__Problem requirements__. Could you retype the lines below, starting at the line holding "Mae Clarke and" and stopping at the line holding "Dorival Júnior, técnico", inclusive? Copy them exactly and drop the images.

__The records__.
■ ■ ■
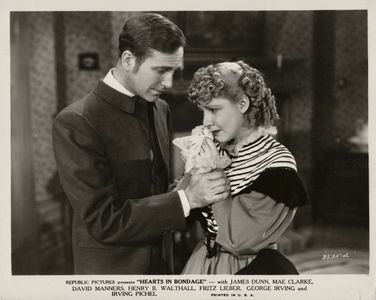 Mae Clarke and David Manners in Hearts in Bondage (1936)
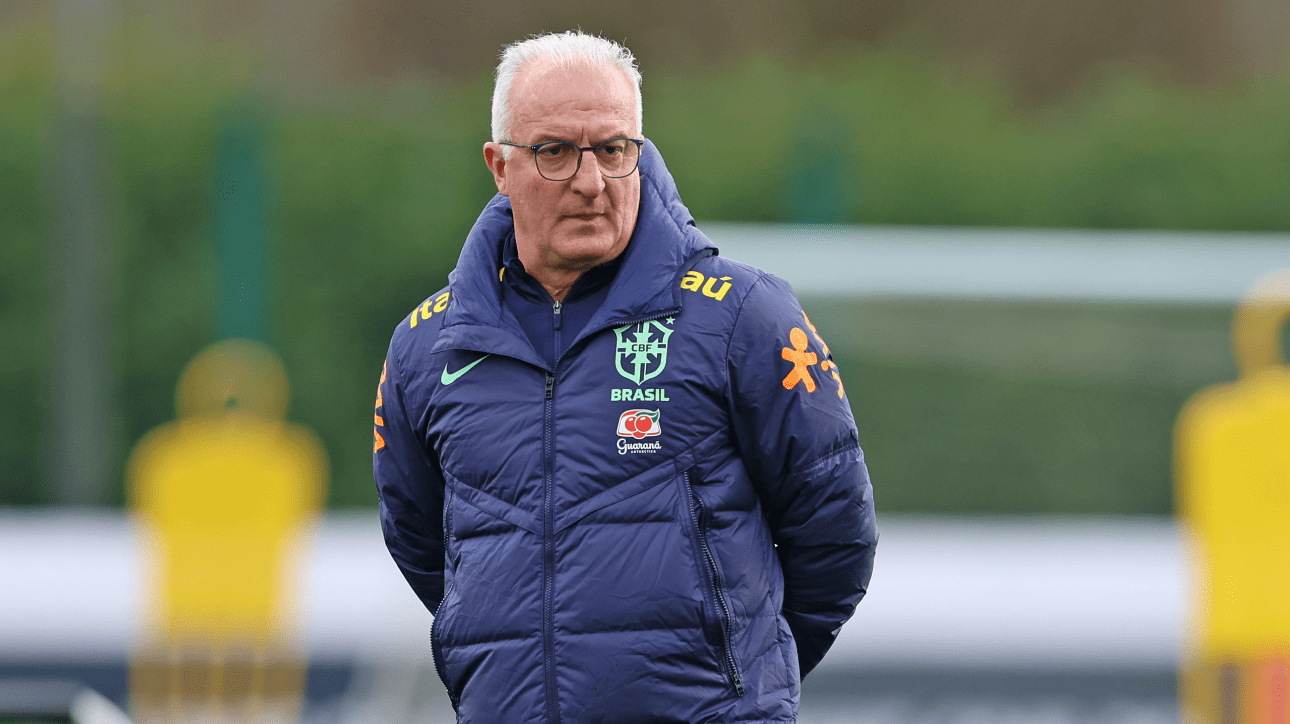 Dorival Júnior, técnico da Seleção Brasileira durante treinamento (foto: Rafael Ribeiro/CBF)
■ ■ ■
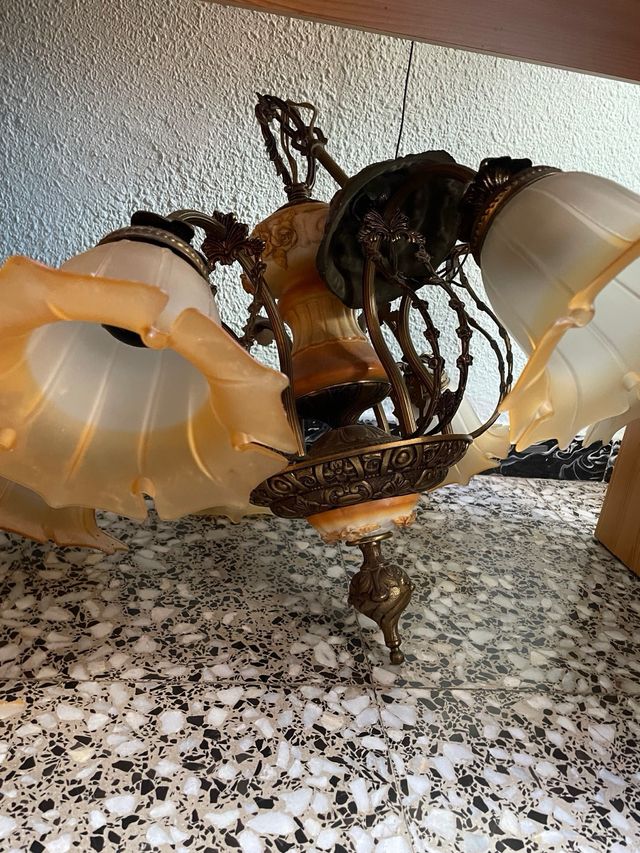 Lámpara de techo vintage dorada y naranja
■ ■ ■
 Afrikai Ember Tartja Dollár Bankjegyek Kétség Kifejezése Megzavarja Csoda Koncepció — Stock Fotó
■ ■ ■
__Written solution__.
 Mae Clarke and David Manners in Hearts in Bondage (1936)
 Dorival Júnior, técnico da Seleção Brasileira durante treinamento (foto: Rafael Ribeiro/CBF)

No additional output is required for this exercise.